Here the job is to repeat the listing exactly, but not the pictures in it.

Dataset section >>
* * * * * * * * *
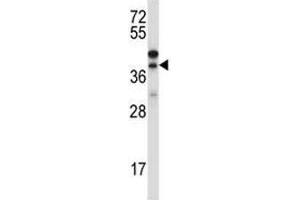 Western blot testing of CTGF antibody and NCI-H460 lysate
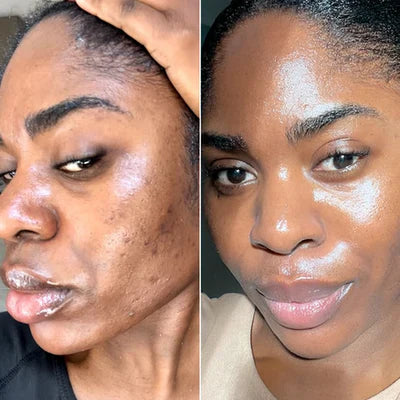 Kojic + Turmeric Body Peel Spray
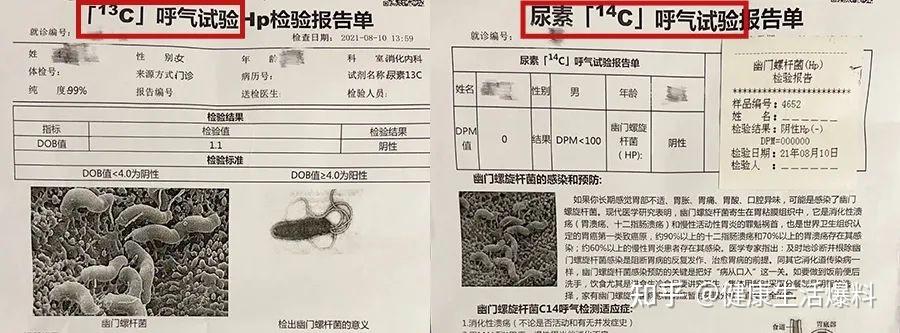 因为它检测的是hp抗体,阳性仅能代表曾经感染过,不能确定现在还是否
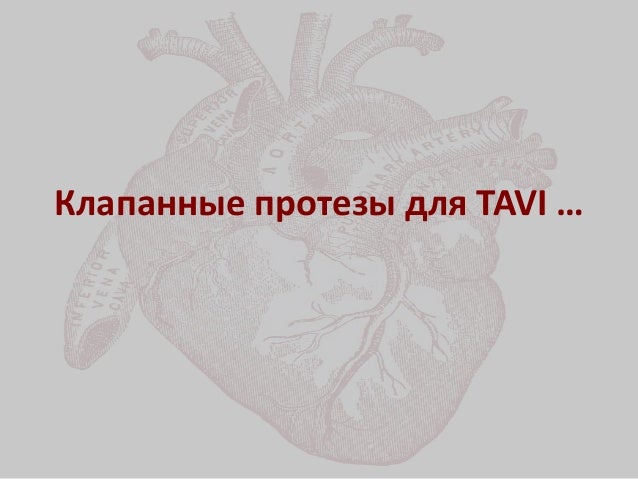 Имплантация аортального клапана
* * * * * * * * *
Task output >>
 Western blot testing of CTGF antibody and NCI-H460 lysate
 Kojic + Turmeric Body Peel Spray
 因为它检测的是hp抗体,阳性仅能代表曾经感染过,不能确定现在还是否
 Имплантация аортального клапана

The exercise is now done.